WHAT TO PRODUCE:
Up to and including the line that contains "Chevrolet Silverado 1500", write out each line of the material from its first line, exactly.

== DATA UNDER STUDY

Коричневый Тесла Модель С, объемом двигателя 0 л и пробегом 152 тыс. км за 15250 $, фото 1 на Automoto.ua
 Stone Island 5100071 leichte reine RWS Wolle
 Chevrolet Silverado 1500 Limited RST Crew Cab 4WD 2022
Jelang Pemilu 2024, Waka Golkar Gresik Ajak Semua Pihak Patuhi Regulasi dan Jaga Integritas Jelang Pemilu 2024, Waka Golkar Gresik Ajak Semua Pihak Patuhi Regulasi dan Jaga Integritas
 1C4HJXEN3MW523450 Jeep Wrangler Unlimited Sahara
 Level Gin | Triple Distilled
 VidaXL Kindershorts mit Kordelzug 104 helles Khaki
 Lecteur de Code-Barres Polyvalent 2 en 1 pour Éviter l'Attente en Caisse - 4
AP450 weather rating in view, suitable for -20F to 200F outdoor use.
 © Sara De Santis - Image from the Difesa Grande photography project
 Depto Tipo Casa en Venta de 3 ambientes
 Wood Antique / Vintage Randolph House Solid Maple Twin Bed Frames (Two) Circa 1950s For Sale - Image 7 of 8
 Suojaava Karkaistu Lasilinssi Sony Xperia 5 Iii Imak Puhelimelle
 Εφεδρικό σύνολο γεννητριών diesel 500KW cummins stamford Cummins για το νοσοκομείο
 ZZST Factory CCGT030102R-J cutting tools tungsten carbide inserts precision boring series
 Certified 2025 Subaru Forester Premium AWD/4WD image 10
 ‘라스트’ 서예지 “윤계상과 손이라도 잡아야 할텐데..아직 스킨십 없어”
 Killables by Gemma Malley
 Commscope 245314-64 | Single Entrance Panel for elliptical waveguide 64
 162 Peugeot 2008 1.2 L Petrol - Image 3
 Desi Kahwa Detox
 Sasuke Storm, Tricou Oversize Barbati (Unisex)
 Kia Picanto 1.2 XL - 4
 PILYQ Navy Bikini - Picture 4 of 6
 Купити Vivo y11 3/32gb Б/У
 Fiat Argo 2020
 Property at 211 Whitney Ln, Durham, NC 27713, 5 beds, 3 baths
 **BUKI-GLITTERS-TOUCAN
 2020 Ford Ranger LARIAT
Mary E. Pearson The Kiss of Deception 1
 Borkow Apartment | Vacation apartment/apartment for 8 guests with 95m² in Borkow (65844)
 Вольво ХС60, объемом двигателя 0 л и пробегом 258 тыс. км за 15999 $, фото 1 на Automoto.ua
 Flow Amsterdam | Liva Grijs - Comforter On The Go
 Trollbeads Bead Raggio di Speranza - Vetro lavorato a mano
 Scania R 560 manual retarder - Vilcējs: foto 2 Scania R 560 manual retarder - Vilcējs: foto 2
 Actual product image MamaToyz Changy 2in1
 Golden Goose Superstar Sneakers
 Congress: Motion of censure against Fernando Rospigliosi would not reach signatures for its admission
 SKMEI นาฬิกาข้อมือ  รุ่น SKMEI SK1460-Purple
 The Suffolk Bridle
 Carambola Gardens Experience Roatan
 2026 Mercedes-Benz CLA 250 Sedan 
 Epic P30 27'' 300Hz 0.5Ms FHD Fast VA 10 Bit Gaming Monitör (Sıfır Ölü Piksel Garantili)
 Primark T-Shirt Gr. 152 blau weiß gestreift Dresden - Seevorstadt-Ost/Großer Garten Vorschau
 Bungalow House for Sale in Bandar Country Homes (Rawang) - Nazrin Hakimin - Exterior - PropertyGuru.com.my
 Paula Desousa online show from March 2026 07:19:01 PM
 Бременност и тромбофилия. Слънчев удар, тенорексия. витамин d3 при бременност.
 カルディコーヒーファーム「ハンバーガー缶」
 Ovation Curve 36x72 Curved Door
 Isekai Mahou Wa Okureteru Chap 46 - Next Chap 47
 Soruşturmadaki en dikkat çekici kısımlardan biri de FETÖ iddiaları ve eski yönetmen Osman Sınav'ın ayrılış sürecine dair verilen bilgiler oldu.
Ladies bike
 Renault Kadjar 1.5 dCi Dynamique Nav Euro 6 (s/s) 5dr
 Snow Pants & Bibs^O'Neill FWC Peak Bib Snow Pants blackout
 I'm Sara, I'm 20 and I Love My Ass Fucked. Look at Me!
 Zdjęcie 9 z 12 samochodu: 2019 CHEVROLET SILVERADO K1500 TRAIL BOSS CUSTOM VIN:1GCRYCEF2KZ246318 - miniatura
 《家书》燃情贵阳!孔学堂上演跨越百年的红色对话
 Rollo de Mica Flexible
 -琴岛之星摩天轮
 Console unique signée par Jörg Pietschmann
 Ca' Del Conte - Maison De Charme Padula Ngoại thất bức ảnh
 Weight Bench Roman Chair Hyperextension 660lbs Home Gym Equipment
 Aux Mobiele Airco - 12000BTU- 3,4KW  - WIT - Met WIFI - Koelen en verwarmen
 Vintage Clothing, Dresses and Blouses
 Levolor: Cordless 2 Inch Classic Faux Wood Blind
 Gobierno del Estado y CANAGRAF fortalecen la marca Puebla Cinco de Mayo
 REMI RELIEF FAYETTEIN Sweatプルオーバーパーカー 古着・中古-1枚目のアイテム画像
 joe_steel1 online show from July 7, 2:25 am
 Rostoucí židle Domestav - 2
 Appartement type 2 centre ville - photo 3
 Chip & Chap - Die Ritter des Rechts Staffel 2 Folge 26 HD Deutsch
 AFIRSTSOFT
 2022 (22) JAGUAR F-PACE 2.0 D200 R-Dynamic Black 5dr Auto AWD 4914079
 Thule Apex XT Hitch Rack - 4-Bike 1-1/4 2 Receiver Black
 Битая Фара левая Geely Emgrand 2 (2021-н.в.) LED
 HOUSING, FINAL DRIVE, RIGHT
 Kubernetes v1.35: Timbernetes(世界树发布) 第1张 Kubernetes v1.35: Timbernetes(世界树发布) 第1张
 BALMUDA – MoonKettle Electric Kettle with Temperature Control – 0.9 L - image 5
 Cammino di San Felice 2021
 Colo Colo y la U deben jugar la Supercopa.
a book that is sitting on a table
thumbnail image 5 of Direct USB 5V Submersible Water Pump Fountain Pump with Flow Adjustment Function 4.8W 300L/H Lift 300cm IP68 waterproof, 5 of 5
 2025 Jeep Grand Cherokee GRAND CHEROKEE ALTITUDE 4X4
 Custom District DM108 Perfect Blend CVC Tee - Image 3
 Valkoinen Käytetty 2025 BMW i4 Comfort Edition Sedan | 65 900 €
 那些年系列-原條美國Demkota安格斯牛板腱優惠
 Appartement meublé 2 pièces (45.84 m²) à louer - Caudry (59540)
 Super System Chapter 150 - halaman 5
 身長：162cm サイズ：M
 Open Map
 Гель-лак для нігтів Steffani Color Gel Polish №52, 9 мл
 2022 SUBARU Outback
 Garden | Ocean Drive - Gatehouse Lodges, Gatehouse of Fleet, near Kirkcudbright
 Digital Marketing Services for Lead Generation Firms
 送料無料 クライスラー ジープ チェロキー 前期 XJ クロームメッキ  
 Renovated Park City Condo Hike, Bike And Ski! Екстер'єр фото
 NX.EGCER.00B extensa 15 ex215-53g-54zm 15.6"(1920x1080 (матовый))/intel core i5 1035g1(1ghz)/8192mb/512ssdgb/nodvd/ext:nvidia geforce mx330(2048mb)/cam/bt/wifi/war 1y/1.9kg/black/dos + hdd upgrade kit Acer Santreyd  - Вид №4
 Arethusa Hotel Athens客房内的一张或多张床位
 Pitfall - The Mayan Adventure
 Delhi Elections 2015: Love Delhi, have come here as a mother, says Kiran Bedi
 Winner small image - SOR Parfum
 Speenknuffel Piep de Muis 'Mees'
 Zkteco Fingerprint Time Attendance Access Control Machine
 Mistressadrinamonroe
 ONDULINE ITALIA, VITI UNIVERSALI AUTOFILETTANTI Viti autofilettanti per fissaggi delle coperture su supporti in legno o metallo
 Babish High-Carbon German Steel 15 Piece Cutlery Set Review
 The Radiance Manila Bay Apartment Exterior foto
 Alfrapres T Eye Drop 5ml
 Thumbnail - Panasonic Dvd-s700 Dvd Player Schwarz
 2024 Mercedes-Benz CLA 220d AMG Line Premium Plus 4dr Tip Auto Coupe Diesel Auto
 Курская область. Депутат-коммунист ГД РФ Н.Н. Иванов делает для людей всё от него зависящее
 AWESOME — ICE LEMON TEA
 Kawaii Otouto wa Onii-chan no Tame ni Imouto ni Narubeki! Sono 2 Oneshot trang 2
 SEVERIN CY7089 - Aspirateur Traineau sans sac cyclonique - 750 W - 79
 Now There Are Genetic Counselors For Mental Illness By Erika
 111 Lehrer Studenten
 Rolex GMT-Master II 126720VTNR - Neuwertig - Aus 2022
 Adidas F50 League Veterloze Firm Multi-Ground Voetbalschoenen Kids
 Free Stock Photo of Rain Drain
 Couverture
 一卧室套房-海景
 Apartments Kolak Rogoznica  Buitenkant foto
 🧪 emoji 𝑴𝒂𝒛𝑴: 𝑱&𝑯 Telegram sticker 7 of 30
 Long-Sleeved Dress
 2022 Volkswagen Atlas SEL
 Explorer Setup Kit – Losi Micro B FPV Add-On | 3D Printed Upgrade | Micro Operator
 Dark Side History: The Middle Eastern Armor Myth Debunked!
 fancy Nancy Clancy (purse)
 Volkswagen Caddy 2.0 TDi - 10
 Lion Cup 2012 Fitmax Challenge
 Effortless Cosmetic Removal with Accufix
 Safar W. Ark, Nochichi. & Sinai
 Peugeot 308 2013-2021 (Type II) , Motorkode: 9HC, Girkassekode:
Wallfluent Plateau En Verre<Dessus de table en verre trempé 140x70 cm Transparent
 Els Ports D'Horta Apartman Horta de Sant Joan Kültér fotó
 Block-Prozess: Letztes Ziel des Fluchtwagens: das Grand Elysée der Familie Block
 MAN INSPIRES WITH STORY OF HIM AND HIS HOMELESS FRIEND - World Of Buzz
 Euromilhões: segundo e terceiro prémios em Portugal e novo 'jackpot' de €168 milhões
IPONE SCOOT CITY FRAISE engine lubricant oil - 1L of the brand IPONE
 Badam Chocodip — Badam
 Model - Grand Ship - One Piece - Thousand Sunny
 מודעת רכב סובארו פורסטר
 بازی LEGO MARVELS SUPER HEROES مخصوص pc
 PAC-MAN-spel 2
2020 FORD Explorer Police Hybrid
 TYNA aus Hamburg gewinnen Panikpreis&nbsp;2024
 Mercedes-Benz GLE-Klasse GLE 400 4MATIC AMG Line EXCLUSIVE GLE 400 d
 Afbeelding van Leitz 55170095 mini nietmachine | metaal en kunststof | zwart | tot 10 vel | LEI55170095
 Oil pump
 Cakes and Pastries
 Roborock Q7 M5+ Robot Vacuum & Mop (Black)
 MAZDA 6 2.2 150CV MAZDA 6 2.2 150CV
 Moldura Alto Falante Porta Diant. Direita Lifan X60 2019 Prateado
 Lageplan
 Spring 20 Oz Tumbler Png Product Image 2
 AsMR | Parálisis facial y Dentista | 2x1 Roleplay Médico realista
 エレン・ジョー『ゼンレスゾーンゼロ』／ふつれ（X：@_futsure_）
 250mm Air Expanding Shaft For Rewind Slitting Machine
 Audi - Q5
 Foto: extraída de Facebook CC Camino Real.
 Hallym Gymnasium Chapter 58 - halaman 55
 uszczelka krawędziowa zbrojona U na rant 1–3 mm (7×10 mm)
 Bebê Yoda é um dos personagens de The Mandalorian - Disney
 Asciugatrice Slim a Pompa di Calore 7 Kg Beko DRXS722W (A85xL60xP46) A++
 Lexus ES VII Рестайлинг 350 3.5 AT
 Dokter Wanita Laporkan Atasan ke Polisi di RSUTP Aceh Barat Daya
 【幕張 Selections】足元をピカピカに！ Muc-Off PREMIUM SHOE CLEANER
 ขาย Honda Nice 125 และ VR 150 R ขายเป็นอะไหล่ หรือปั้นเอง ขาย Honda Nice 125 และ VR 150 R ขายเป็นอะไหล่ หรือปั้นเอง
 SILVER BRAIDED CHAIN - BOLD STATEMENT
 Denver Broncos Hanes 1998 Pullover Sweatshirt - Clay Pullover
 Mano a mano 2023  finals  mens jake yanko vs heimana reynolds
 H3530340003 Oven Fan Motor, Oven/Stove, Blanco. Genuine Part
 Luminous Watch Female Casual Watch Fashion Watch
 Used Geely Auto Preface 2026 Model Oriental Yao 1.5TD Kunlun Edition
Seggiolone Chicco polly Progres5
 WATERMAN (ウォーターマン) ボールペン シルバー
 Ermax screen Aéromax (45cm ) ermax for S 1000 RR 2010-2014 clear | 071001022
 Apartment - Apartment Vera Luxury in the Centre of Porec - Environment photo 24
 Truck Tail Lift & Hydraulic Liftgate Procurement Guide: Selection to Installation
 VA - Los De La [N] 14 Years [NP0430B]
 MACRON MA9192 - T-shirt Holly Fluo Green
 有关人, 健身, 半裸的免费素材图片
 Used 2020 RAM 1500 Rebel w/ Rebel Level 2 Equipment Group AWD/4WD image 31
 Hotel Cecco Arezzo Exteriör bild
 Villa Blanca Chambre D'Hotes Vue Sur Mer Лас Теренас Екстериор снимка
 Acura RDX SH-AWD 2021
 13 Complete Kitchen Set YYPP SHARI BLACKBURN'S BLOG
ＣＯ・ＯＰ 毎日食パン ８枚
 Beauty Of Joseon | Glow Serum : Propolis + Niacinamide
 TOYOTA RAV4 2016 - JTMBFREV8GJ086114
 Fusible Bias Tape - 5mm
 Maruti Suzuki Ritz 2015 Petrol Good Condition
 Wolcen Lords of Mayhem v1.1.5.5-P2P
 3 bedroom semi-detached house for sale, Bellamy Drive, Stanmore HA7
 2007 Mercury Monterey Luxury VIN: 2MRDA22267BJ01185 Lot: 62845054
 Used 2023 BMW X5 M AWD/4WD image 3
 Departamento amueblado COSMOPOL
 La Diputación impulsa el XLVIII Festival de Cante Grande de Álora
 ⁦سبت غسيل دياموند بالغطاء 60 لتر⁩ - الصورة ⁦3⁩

====

EXERCISE RESPONSE:
Коричневый Тесла Модель С, объемом двигателя 0 л и пробегом 152 тыс. км за 15250 $, фото 1 на Automoto.ua
 Stone Island 5100071 leichte reine RWS Wolle
 Chevrolet Silverado 1500 Limited RST Crew Cab 4WD 2022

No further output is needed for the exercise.